* **The problem**
Leaving the images aside, transcribe all the data below exactly.

* **Available data**
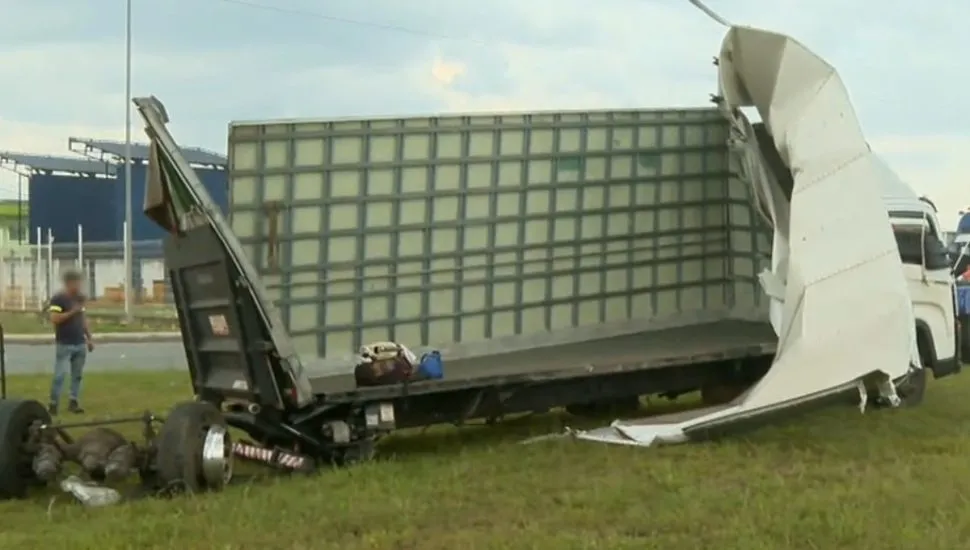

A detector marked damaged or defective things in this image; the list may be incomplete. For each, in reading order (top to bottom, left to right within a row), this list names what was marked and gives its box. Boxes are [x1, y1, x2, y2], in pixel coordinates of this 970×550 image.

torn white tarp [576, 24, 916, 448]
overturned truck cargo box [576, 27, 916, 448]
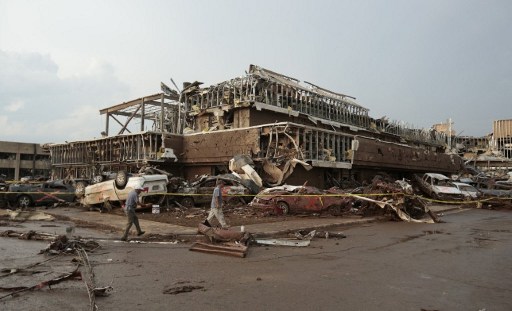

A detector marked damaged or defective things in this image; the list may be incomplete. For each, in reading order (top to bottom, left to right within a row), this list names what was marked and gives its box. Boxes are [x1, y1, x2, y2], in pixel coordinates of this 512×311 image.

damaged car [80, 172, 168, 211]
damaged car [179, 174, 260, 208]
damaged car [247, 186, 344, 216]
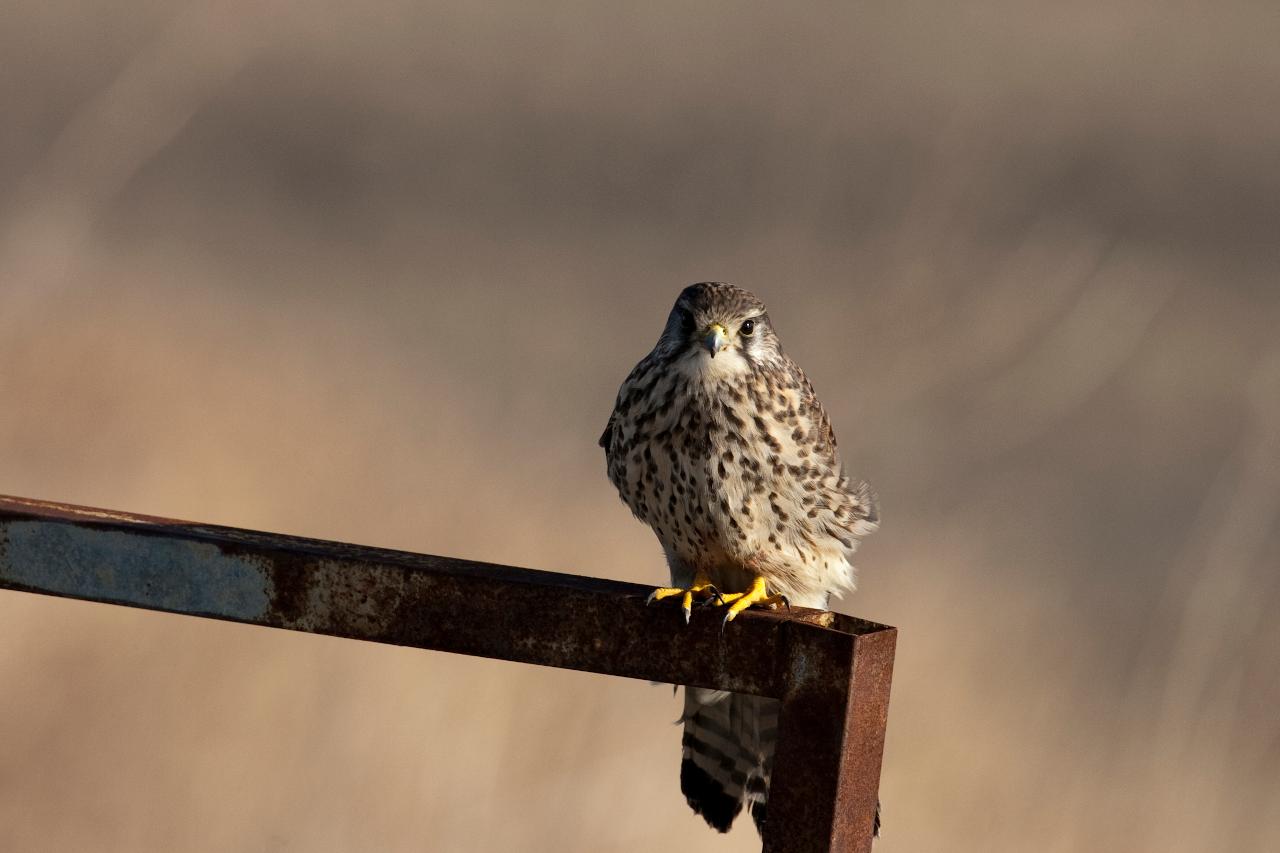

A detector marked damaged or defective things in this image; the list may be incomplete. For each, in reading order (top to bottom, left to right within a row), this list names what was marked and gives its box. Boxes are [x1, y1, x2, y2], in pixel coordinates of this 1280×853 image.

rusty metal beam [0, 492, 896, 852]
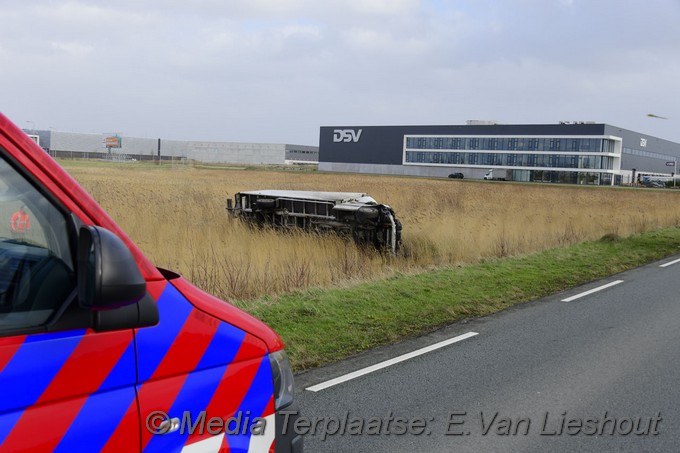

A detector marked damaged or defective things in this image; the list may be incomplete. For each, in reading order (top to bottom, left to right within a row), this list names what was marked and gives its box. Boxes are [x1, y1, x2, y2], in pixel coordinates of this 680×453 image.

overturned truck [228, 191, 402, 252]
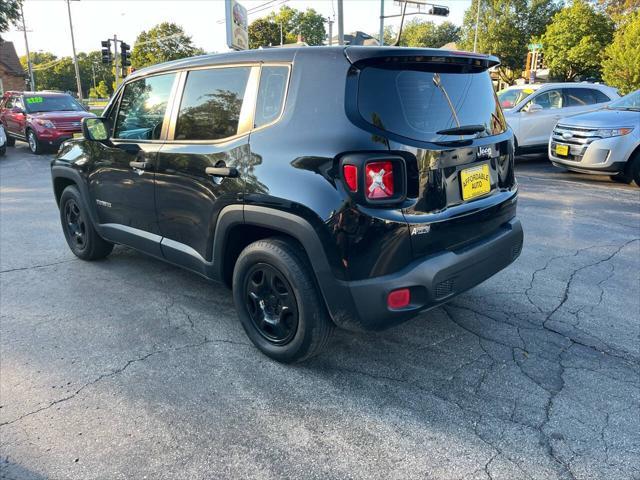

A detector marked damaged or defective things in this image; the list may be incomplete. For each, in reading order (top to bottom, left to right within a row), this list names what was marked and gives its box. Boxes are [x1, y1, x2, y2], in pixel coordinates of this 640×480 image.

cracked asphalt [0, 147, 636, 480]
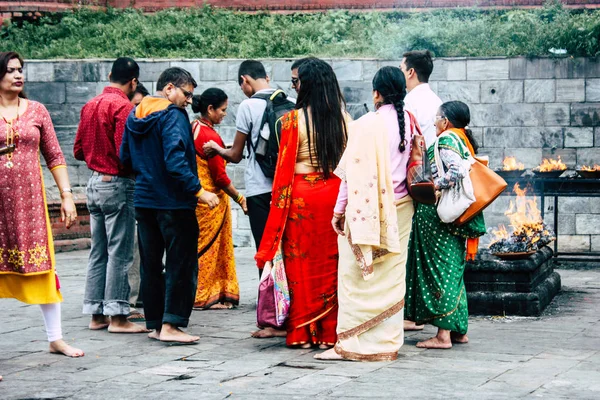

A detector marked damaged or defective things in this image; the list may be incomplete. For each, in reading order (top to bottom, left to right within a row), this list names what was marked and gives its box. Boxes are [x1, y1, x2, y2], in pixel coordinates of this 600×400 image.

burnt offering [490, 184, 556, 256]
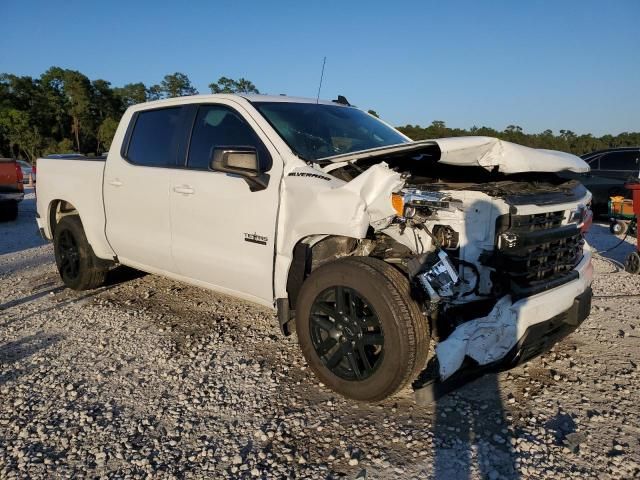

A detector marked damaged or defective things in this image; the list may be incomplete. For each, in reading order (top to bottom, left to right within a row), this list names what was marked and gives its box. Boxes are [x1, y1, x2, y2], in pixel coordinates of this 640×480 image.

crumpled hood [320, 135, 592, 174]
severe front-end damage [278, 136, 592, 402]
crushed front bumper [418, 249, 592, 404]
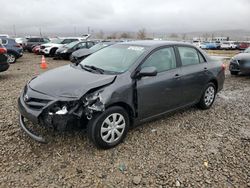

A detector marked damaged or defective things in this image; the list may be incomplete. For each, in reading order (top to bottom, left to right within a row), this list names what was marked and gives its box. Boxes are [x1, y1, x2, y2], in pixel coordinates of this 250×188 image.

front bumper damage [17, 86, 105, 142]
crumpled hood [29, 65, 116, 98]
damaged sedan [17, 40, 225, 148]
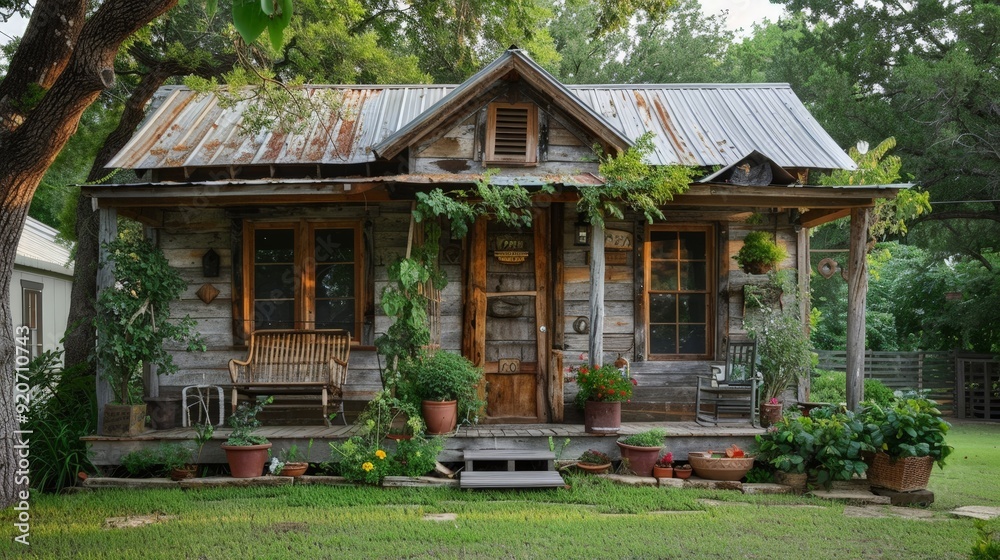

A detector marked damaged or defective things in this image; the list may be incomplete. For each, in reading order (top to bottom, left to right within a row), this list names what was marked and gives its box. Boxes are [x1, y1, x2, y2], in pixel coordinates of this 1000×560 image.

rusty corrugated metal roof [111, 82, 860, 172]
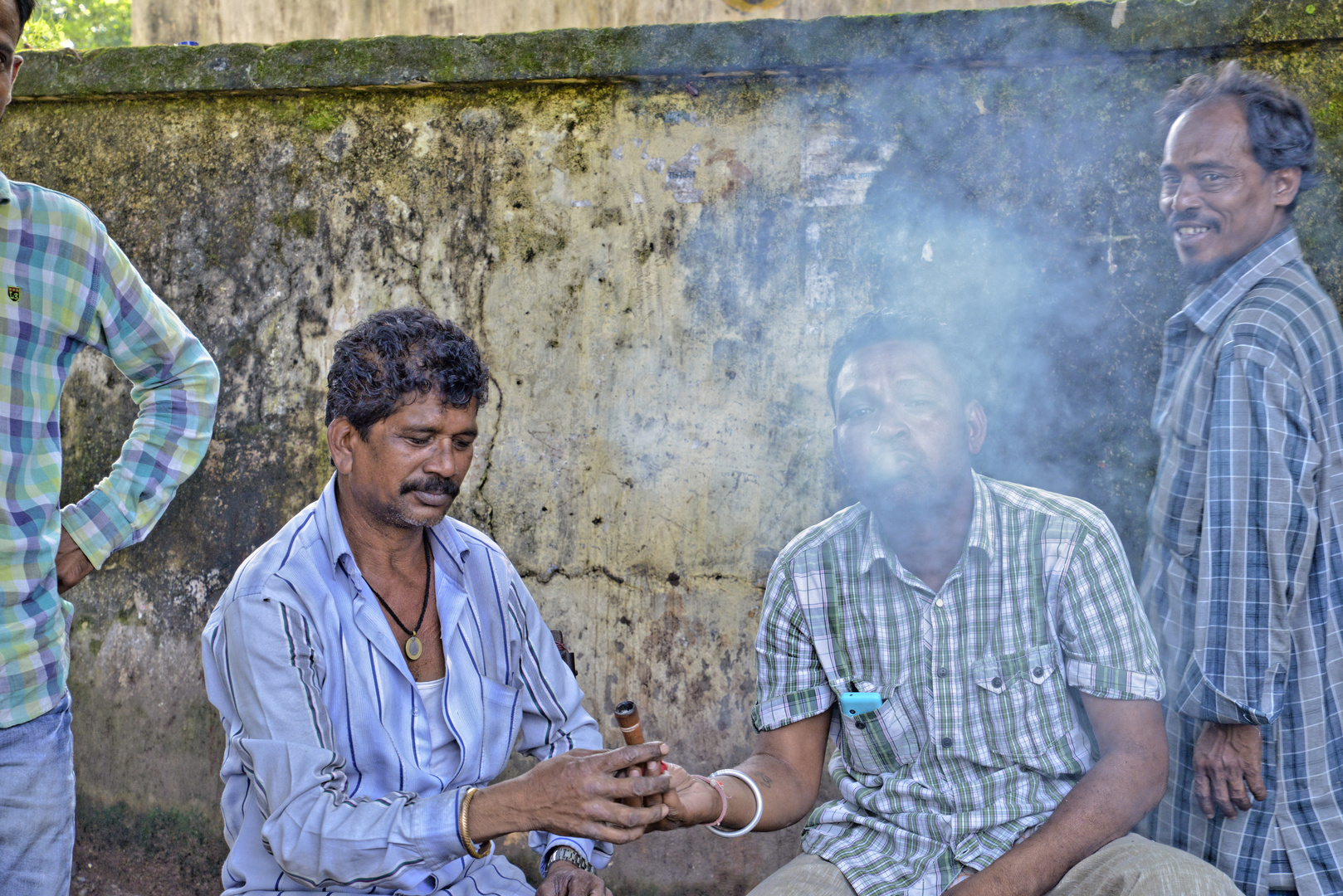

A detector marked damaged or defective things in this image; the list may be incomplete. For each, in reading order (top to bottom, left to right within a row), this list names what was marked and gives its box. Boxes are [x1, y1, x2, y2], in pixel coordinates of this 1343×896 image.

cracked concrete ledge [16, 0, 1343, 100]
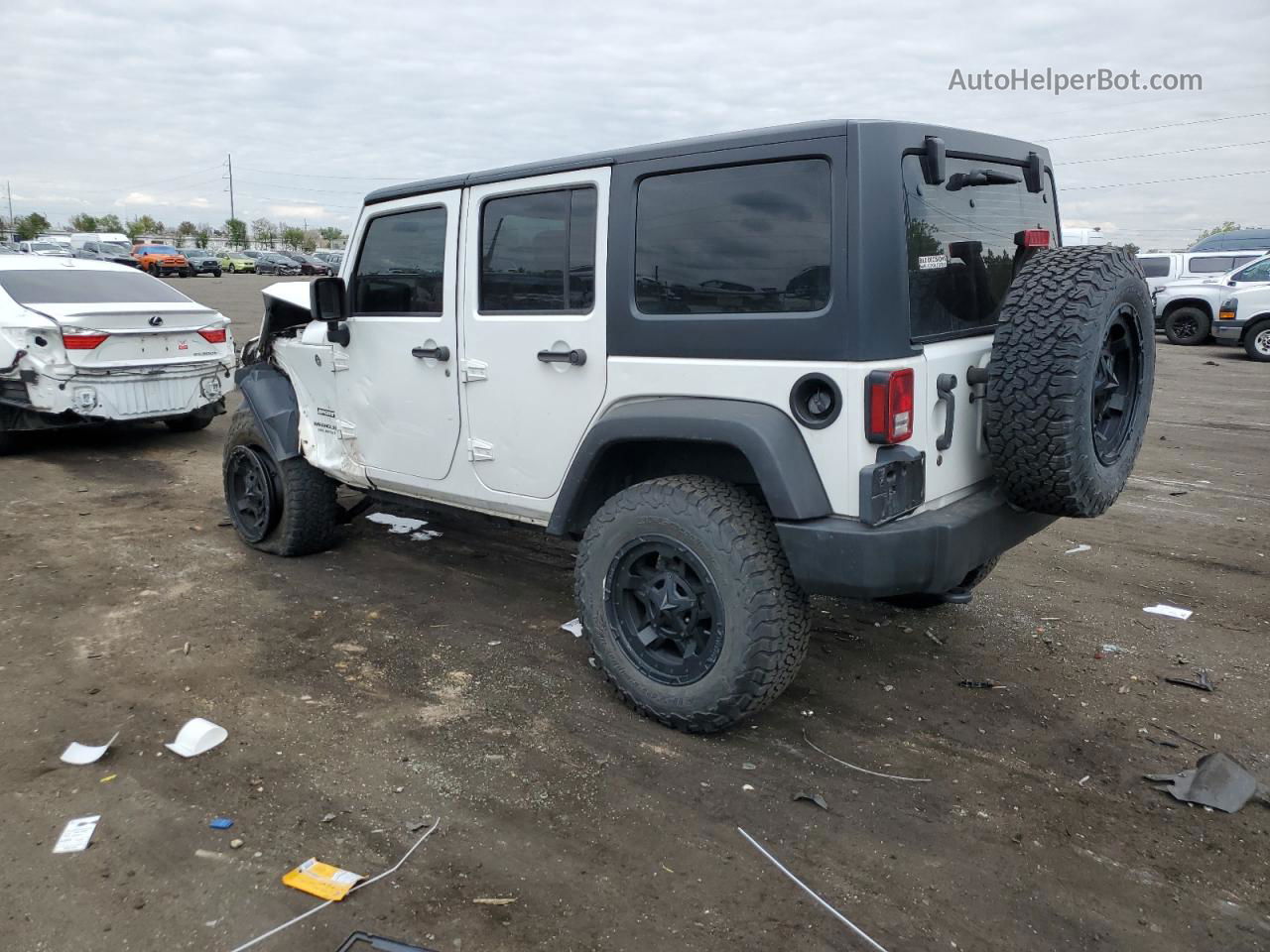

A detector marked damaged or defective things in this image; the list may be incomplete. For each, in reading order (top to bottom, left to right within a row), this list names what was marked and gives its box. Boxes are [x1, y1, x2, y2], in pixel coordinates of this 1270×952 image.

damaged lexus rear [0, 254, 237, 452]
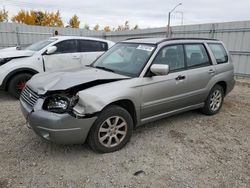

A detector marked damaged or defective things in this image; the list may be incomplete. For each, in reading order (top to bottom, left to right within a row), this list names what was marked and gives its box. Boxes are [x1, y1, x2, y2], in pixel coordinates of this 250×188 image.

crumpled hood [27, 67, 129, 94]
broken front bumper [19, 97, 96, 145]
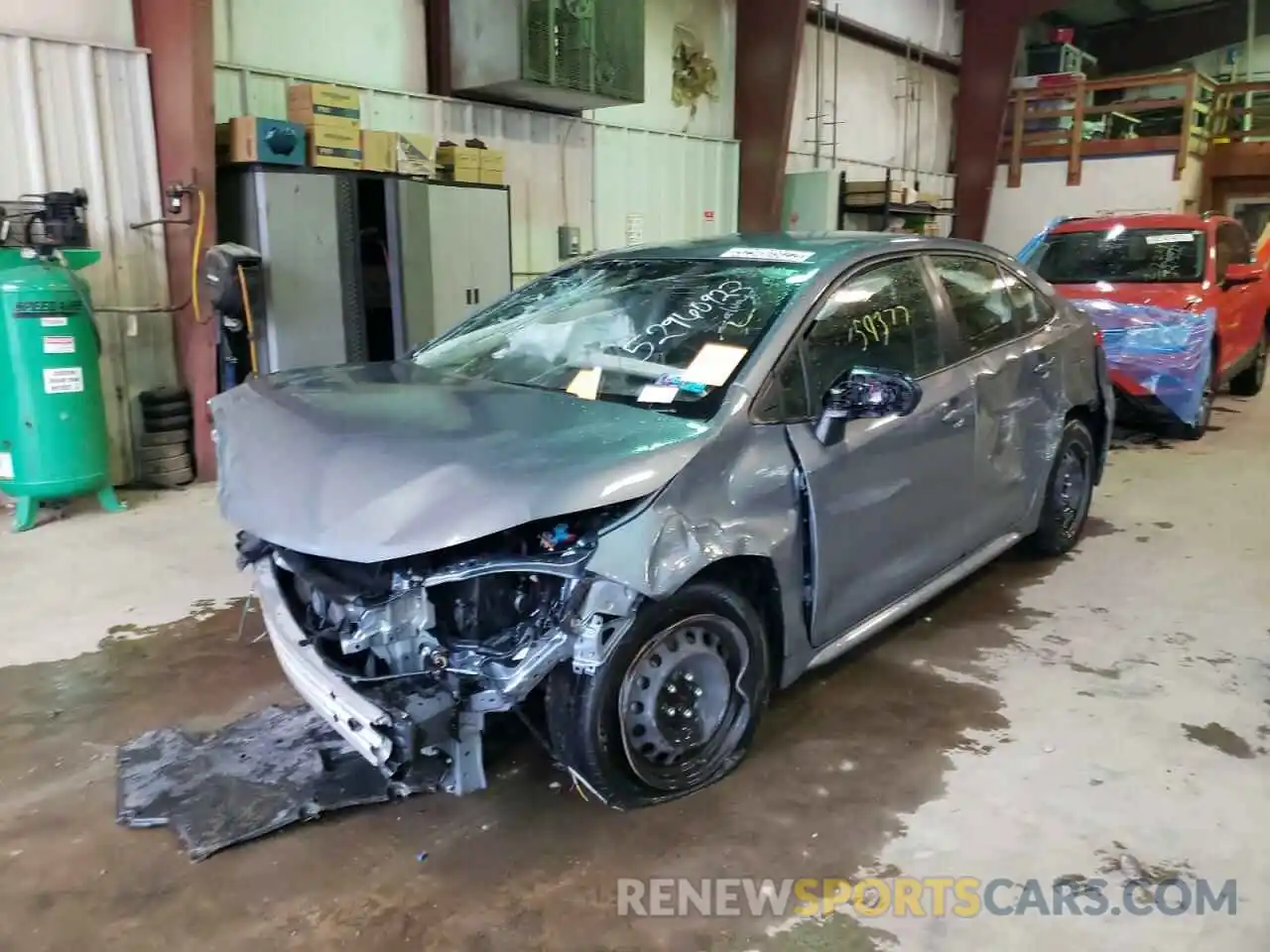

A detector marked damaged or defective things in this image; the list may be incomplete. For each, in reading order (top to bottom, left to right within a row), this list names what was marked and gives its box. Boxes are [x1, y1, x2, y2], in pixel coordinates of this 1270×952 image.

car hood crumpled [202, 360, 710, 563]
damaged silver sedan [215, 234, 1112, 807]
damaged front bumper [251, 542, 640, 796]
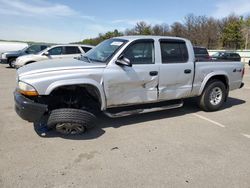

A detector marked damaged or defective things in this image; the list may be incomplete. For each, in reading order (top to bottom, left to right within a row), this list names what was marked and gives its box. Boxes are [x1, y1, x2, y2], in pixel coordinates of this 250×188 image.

* **Task output**
A detector marked damaged or defective things in this image; the list may be incomplete. For each, in reading order (top to bottom, left to right within a row), this list names what was marked and gives its box. Boxes are [x1, y1, x2, y2], in pixel coordinates of this 970×550 image.

torn white tarp [576, 24, 916, 448]
overturned truck cargo box [576, 27, 916, 448]

A detector marked damaged or defective things in this image; the list may be incomplete. For each, in reading order (top to bottom, left to right within a row), this list names what was marked and gives its box. Boxes are [x1, y1, x2, y2], in pixel coordinates of this 512×311 image.

damaged car [80, 172, 168, 211]
damaged car [179, 174, 260, 208]
damaged car [247, 186, 344, 216]

A detector marked damaged or defective things in this image; the list may be incomplete. For each, in reading order (top to bottom, left to right within a row), this list names what was marked and gives its box. Boxes are [x1, y1, x2, y2], in pixel coordinates of this 1280×853 image.

rusty metal beam [0, 492, 896, 852]

A detector marked damaged or defective things in this image; the list may be incomplete. For each, in reading order (top to bottom, left to right within a row), this list names what was marked and gives its box. Boxes are [x1, y1, x2, y2], in pixel coordinates of this 680×453 image.

overturned truck [228, 191, 402, 252]

A detector marked damaged or defective things in this image; the list may be incomplete. For each, in reading order (top to bottom, left to right within a row), this list names what was marked and gives its box. Boxes are [x1, y1, x2, y2], in pixel coordinates of this 640×480 image.

cracked asphalt [0, 147, 636, 480]

A detector marked damaged or defective things in this image; the list may be incomplete. For each, in reading order (top to bottom, left to right within a row), this list names what was marked and gives its box. Boxes are [x1, y1, x2, y2], in pixel coordinates of this 600×400 image.

burnt offering [490, 184, 556, 256]

A detector marked damaged or defective things in this image; the list may be incomplete. For each, in reading order (top to bottom, left to right within a row), this list names what was marked and gives its box. Boxes are [x1, y1, x2, y2], in pixel coordinates of this 640×480 image.

crumpled hood [320, 135, 592, 174]
severe front-end damage [278, 136, 592, 402]
crushed front bumper [418, 249, 592, 404]

A detector marked damaged or defective things in this image; the list may be incomplete. For each, in reading order (top to bottom, left to right within a row), this list names what was marked and gives its box. Boxes are [x1, y1, x2, y2], in pixel coordinates of this 250×188 image.

front bumper damage [17, 86, 105, 142]
crumpled hood [29, 65, 116, 98]
damaged sedan [17, 40, 225, 148]

A detector marked damaged or defective things in this image; the list may be incomplete. For each, in reading order (top to bottom, left to right within a row), this list names what was marked and gives its box. Boxes are [x1, y1, x2, y2], in pixel coordinates of this 1000×560 image.

rusty corrugated metal roof [111, 82, 860, 172]

A detector marked damaged or defective things in this image; the list may be incomplete. For each, in reading order (top to bottom, left to right within a row), this list names what was marked and gives its box. Boxes are [x1, y1, x2, y2], in pixel coordinates of this 1343×896 image.

cracked concrete ledge [16, 0, 1343, 100]

A detector marked damaged or defective things in this image; the list may be incomplete. For each, in reading order (top to bottom, left to right within a row), this list names what was marked and gives its box. Boxes are [x1, y1, x2, y2], in pixel coordinates of this 1270×952 image.

damaged lexus rear [0, 254, 237, 452]

A detector marked damaged or defective things in this image; the list may be incomplete. For each, in reading order (top to bottom, left to right within a row), this list names what was marked and gives its box. Boxes are [x1, y1, x2, y2], in pixel coordinates of this 250×188 image.

crumpled hood [27, 67, 129, 94]
broken front bumper [19, 97, 96, 145]

A detector marked damaged or defective things in this image; the list may be incomplete. For each, in reading order (top to bottom, left to right within a row), this list names what was marked and gives its box. Boxes are [x1, y1, x2, y2], in pixel coordinates of this 1270×952 image.

car hood crumpled [202, 360, 710, 563]
damaged silver sedan [215, 234, 1112, 807]
damaged front bumper [251, 542, 640, 796]

A detector marked damaged or defective things in this image; the list may be incomplete. For each, in reading order (top to bottom, left to right within a row), this list names what was marked and gives its box. Boxes are [x1, y1, x2, y2], in pixel coordinates of this 250×188 image.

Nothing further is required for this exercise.